Erfolgreiche Einführung und positive Rückmeldungen
Thomas Egger, Co-Chefarzt Psychosomatik und Psychiatrie in der Klinik Gais, hat das Projekt klinikseitig geleitet und freut sich über die erfolgreiche Einführung: «SELBA unterstützt unsere Patientinnen und Patienten sehr gut dabei, ihre spezifische Lebenslage über einen längeren Zeitraum zu beobachten. Mittlerweile haben wir die App weitgehend bei allen Patientinnen und Patienten im Einsatz und haben gute Erfahrungen gemacht.
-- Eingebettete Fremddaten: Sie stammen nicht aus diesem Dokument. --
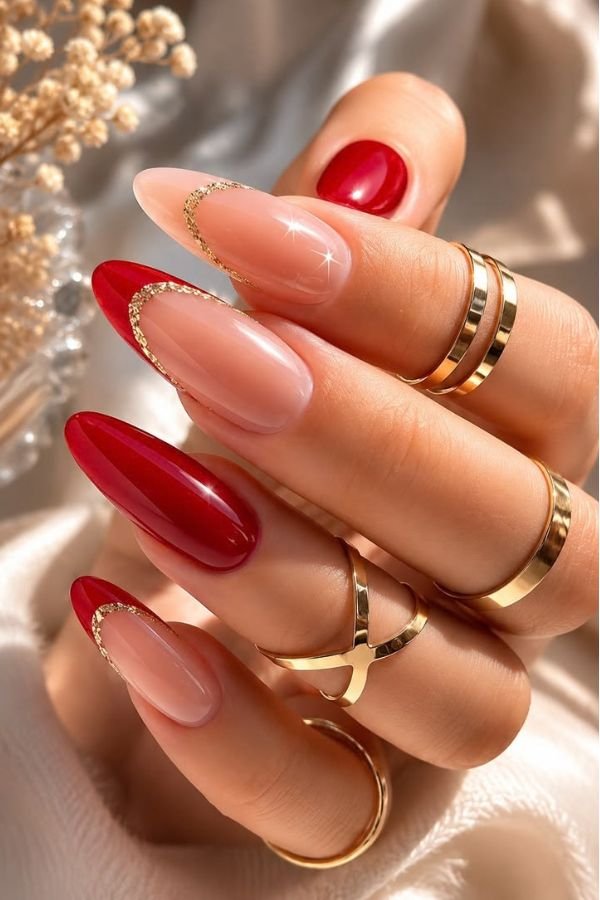 Red Nail Designs Almond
Sie ist intuitiv zu bedienen und die Betroffenen lernen, ihre ganz persönlichen Frühwarnzeichen zu erkennen und zu deuten. Was wir ebenfalls sehr schätzen, ist die Möglichkeit, eine Person – wenn sie dies möchte –, auch nach ihrem Austritt weiter zu betreuen, indem wir die Entwicklung in der App beobachten und gegebenenfalls Kontakt aufnehmen, wenn wir bestimmte Alarmsignale erkennen. Hier gab es bereits einige sehr positive Reaktionen. Die Menschen schätzen es, wenn sie Strategien an die Hand bekommen und sich begleitet wissen.»
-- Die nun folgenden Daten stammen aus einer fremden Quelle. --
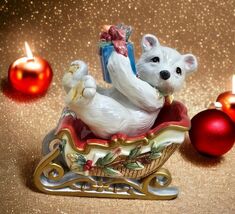 Fitz and Floyd Enchanted Holiday Salt Pepper Set Polar Bear Sleigh Chris... - $22.72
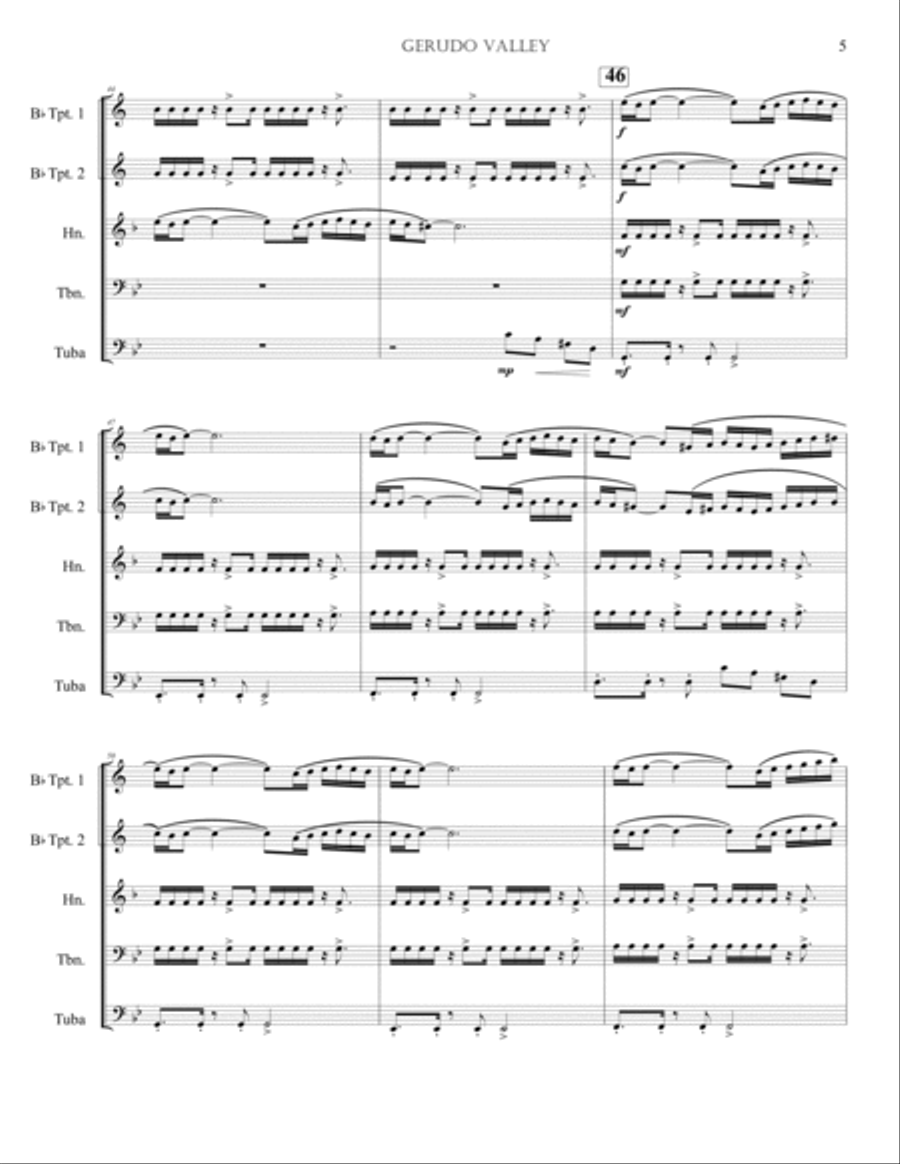 Gerudo Valley Brass Quintet scores gallery preview page 6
Potenzial von SELBA in der betrieblichen Gesundheitsförderung
Die Webapplikation SELBA birgt aber noch weiteres Potenzial, wie Alexander Scheidegger, der das Projekt vonseiten der Ostschweizer Fachhochschule leitet, betont: «Es freut uns, dass wir dieses innovative Projekt mit der Klinik Gais umsetzen konnten, wo unsere Forschungsergebnisse direkt den Patientinnen und Patienten zugutekommen. Daneben kann SELBA auch sehr gut als Vorsorgeinstrument dienen, das Unternehmen ihren Mitarbeitenden in die Hand geben. Deshalb sehen wir als nächsten Schritt weitere Anwendungen des Selbstmonitorings in der betrieblichen Gesundheitsförderung.»
Das Projekt
SELBA ist ein von Innosuisse gefördertes zweijähriges Forschungsprojekt des interdisziplinären Teams der OST – Ostschweizer Fachhochschule (Institut für Modellbildung und Simulation IMS und Institut für Soziale Arbeit und Räume IFSAR) in Zusammenarbeit mit den Umsetzungspartnern Opinion Games GmbH und der Klinik Gais AG als Anwendungspartner. Das Projekt stützt sich auf die Erkenntnisse des Innosuisse-Vorprojekts «Selbstmonitoring von Patienten mit Depressionen und anderen arbeitsbezogenen Stressfolgeerkrankungen» und einem SNF Grundlagenforschungsprojekt ab, welches sich ebenfalls mit psychosozialen Risiken in der Arbeitswelt auseinandersetzte und auch in der Kooperation mit der OST und der Klinik Gais erarbeitet wurde.
Die Hintergründe
Die Anforderungen an die Sorge- und Erwerbsarbeit sowie die damit verbundenen subjektiven Stressempfindungen nehmen in der Schweiz stetig zu. Dies hat unter anderem auch arbeitsbezogene Stresserkrankungen zur Folge, die sich nicht nur negativ auf persönliche Lebensbereiche auswirken, sondern auch wirtschaftliche Mehrkosten mit sich bringen. Zudem besteht das Risiko einer Wiedererkrankung, da die Patientinnen und Patienten nach einem stationären Klinikaufenthalt wieder in ihren Alltag zurückkehren und sich wieder den belastenden Sorge- und Erwerbsarbeitsbedingungen ausgesetzt sehen. Die mitunter mangelnde oder unzureichende psychotherapeutische Nachsorge von Patientinnen und Patienten verstärkt diesen Effekt zusätzlich. Die SELBA-Webapplikation soll dazu beitragen, Gefährdungszeichen und Konstellationen frühzeitig zu erkennen und aufzuzeigen, um Patientinnen und Patienten zu befähigen, ihre Ressourcen zu aktivieren oder sich die nötige Hilfe zu holen.